INSTRUCTIONS FOR THE TASK: Only the lines from the one containing "QR code with Paw Prints contacts" through the end of the listing are to be repeated, exactly and without pictures.

*** Begin section ***

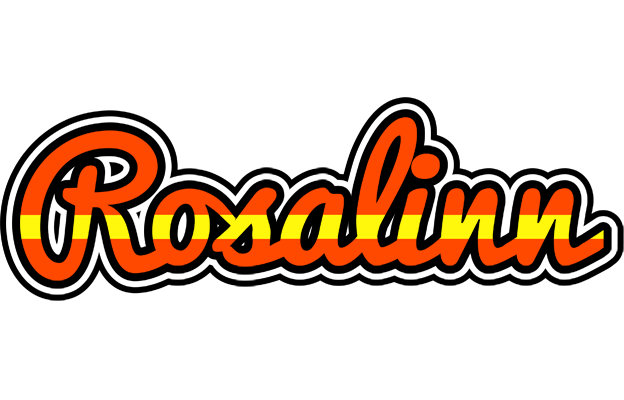 Rosalinn madrid logo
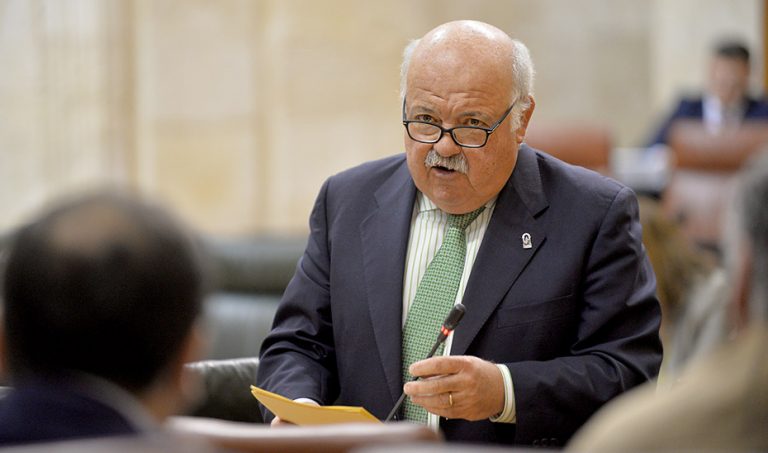 Andalucía defiende la 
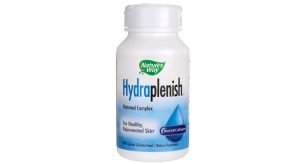 Hydraplenish Hyaluronic Acid / Natures way Hydraplenish Hyaluronic Acid Capsules for sale ... : Hydraplenish has superior bioavailability and a lower molecular weight than other sources of hyaluronic acid.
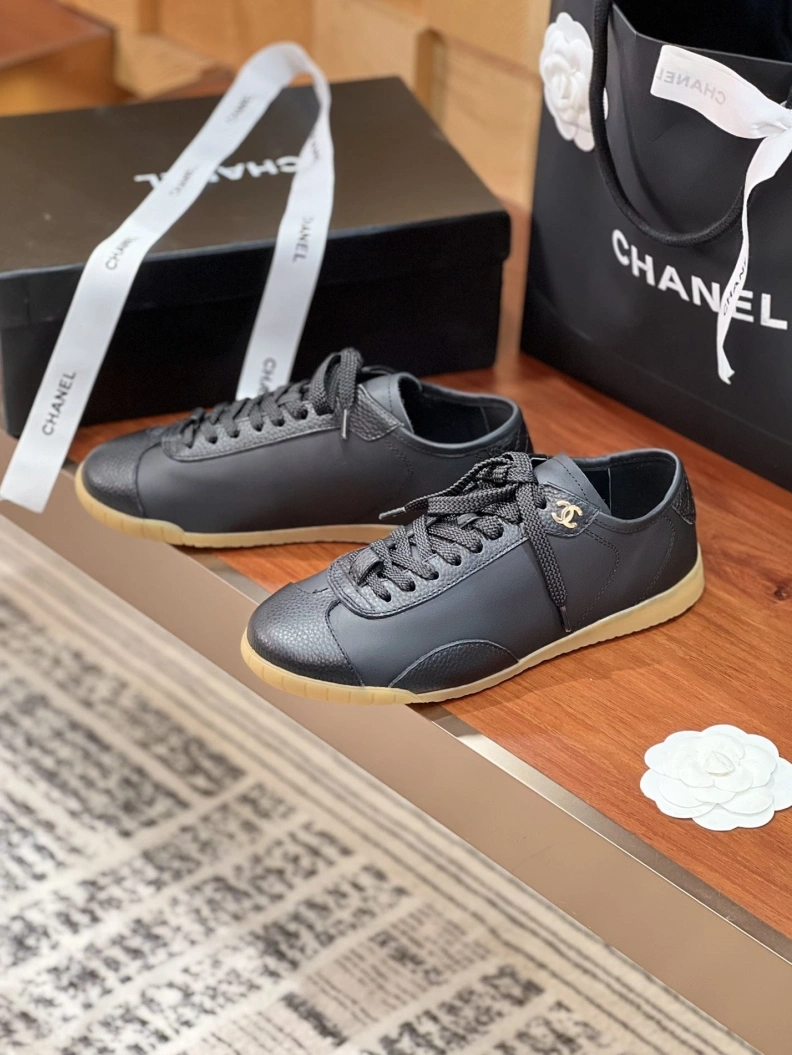 Vibrant Chxnxl Casual Shoes 121177
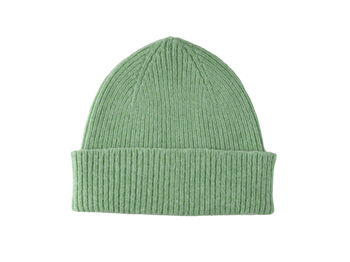 Barra meadow beanie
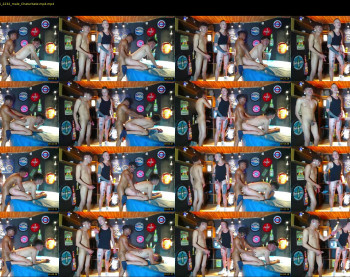 backyardigans — 3 minute Chaturbate male cam show recording, 720p, Oct 4, 2025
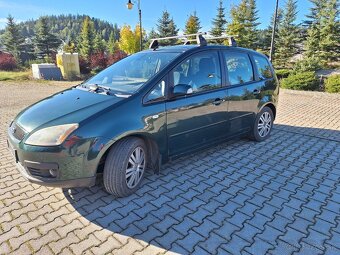 Predám Ford Focus Cmax - 5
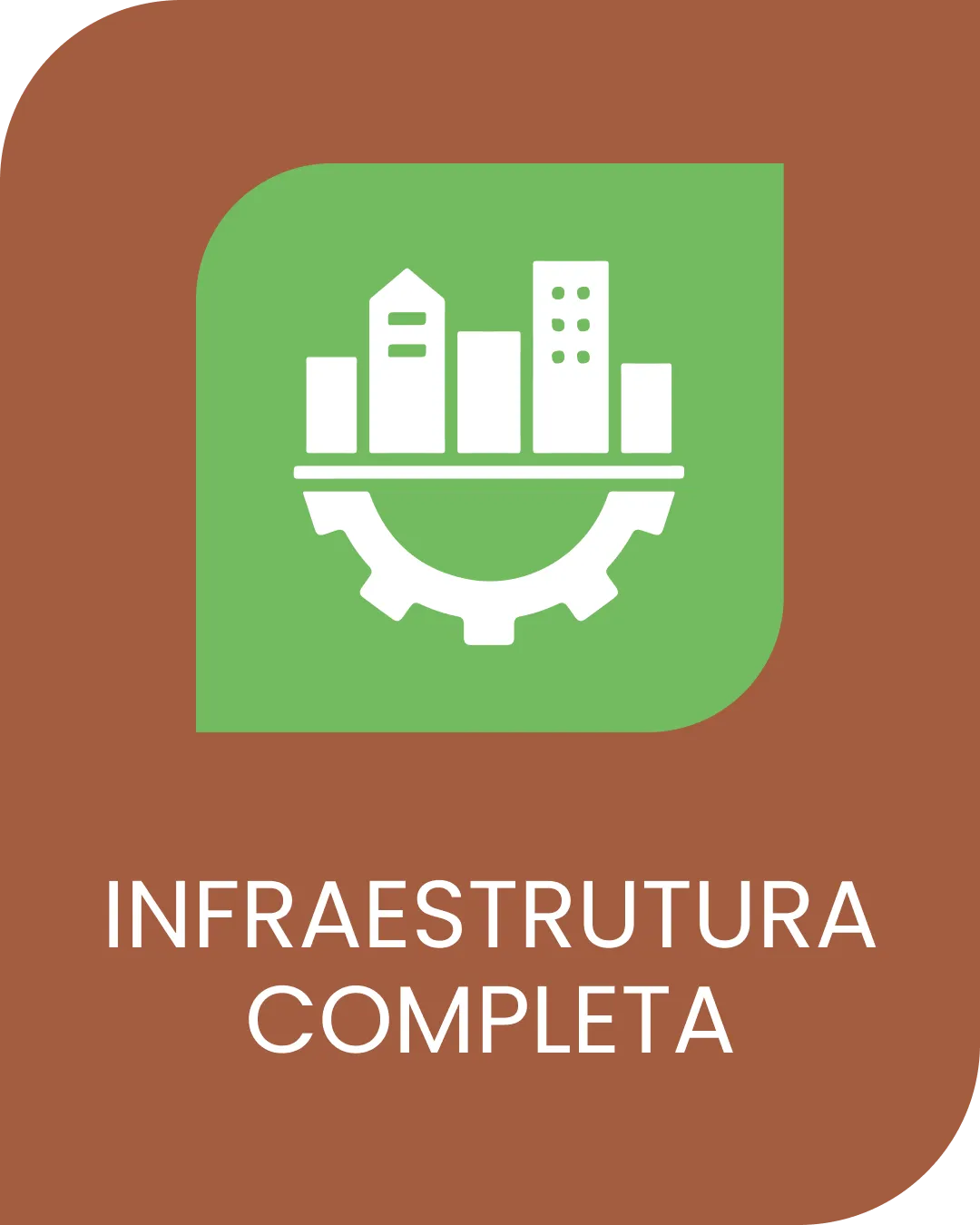 infraestrutura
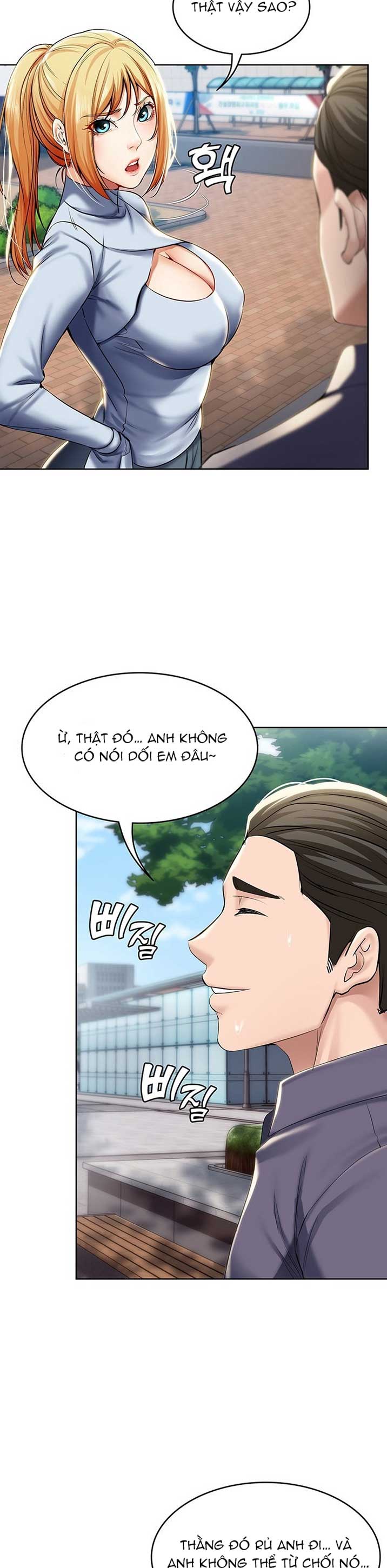 nhật ký nội trú chapter 29 27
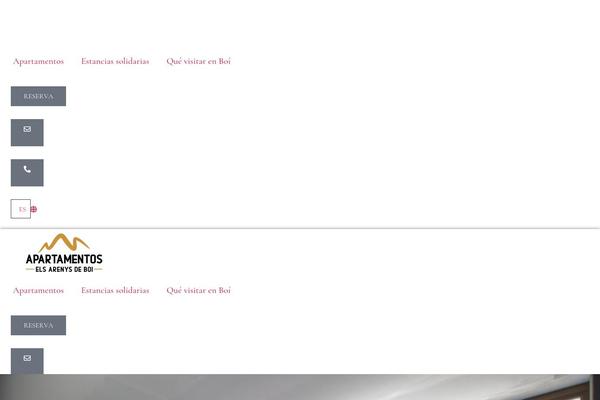 Site using Flawleshotel-shortcode plugin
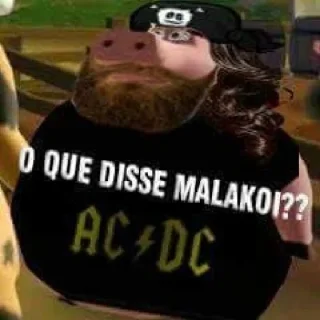 👿 emoji o que disse? Telegram sticker 20 of 120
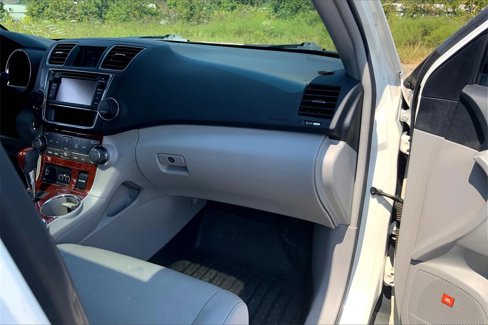 Used 2013 Toyota Highlander Limited image 17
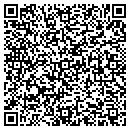 QR code with Paw Prints contacts
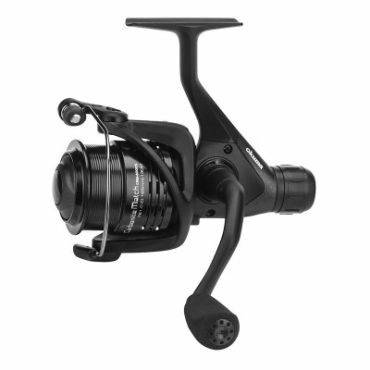Okuma - Carbonite Match Reel RD CRM-4000S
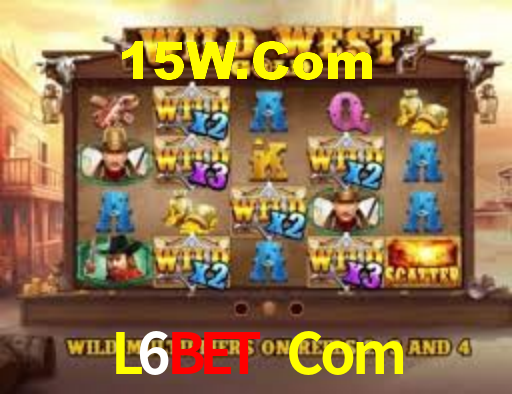 L6Bet Login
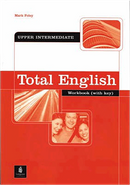 Total English Upper-Intermediate Work Book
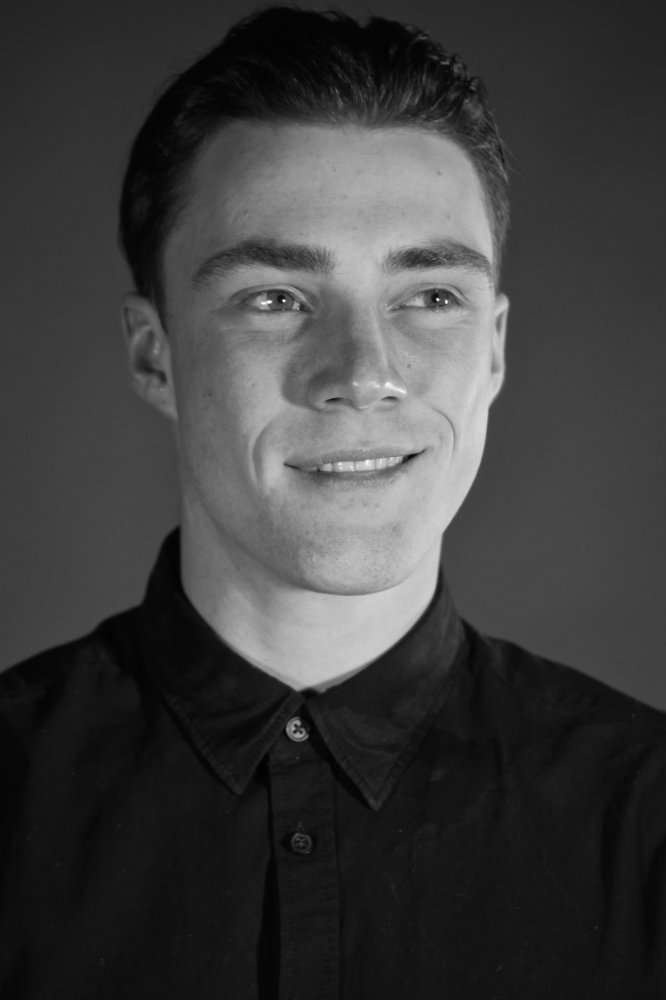 Nathan Luke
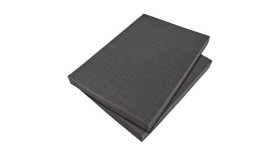 Wkładka z pianki, typ: Wkładka piankowa, do użytku z: PeakTech 7305
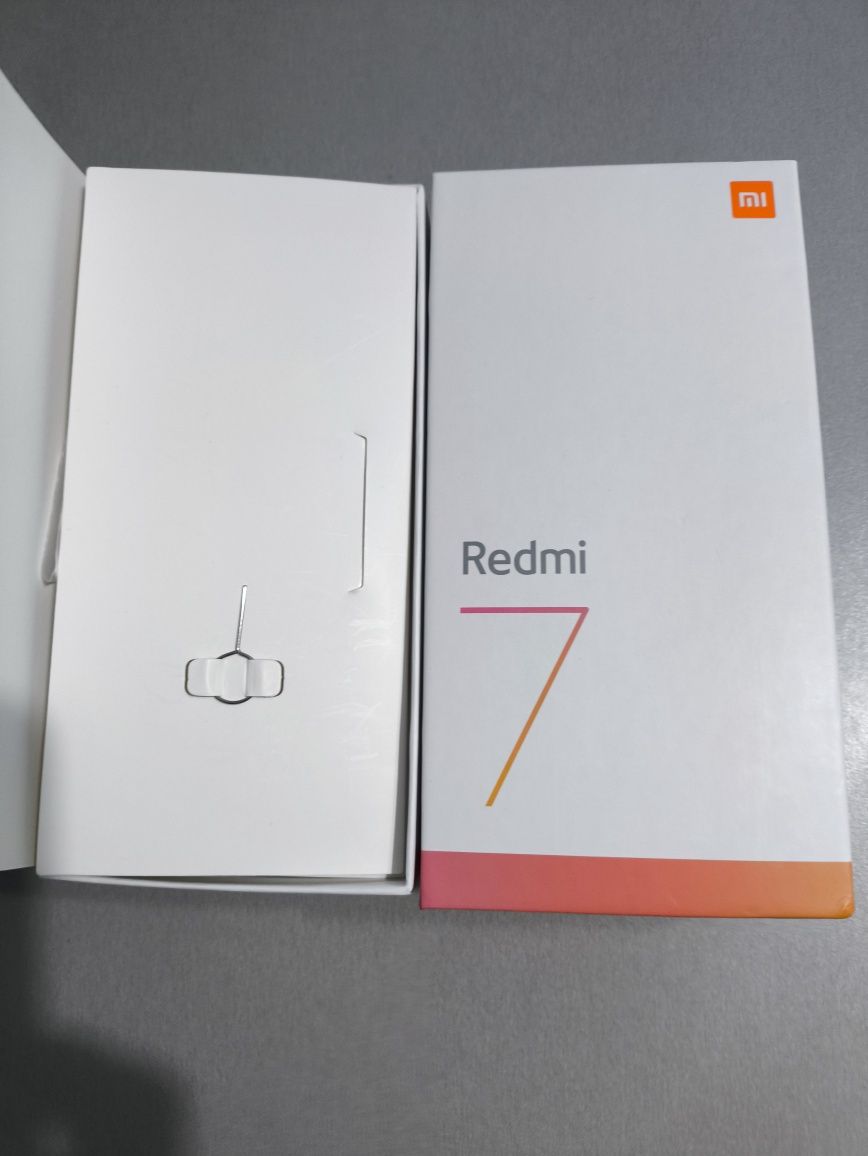 Xiaomi Redmi 7 GSM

*** End section ***

RESULT:
 QR code with Paw Prints contacts
Okuma - Carbonite Match Reel RD CRM-4000S
 L6Bet Login
 Total English Upper-Intermediate Work Book
 Nathan Luke
 Wkładka z pianki, typ: Wkładka piankowa, do użytku z: PeakTech 7305
 Xiaomi Redmi 7 GSM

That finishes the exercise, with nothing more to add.